Quello che leggerete a breve è il risultato di diversi confronti, più o meno serrati, portati avanti  da me e da Mattia Ferretti. 

Ci siamo incontrati da Osservatorio Futura un po’ di tempo fa e lì, senza assecondare troppo  alcun tipo di discorso più o meno preciso, abbiamo parlato. A braccio. La discussione che ne  è uscita fuori è stata allora piena di parentesi, cambi direzionali e sterzate. Forse addirittura  veri e propri fuori strada. Questo non ci ha però intimoriti. Anzi, ci ha permesso di ragionare  sul tipo di approfondimento adatto – o che ci stimolasse di più nella stesura – per raccontare il  suo lavoro. Senza raccontarlo troppo, in realtà. 
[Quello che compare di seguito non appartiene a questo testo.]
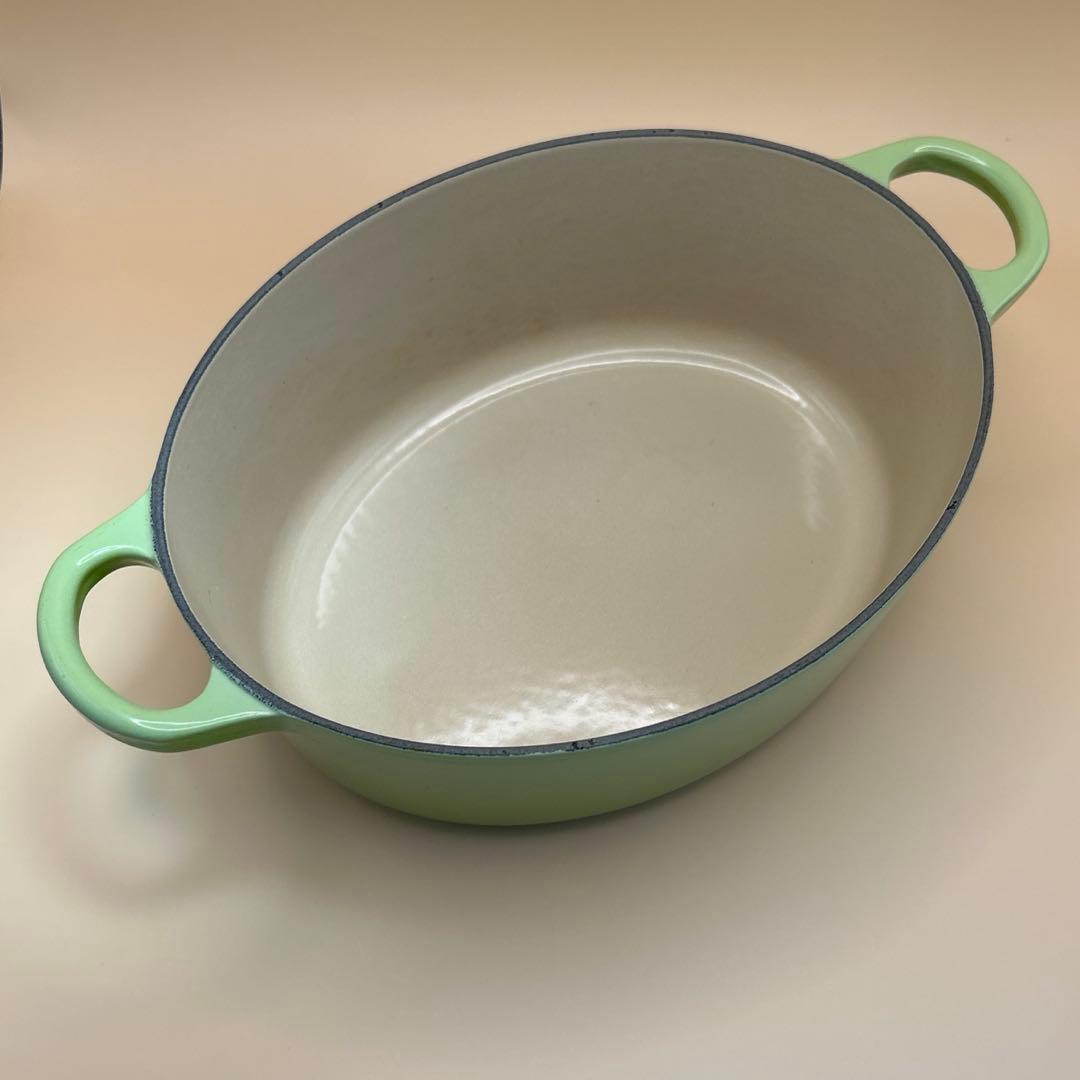 Le Creuset ライトグリーン オーバル鍋　25cm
Abbiamo dunque deciso di voler restituire un mood più che un discorso critico-saggistico, che  assecondasse maggiormente la linea poetica piuttosto che quella comunicativa. Che facesse  emergere ciò che si situa nell’inspiegabile a parole e ciò che invece può essere tradotto e  sintetizzato tramite il linguaggio. 

Il testo che segue è stato scritto a quattro mani: quasi dei botta e risposta fra me e Ferretti,  seguendo sempre quella logica di andare ‘a braccio’ che tanto ci aveva affascinato in studio. 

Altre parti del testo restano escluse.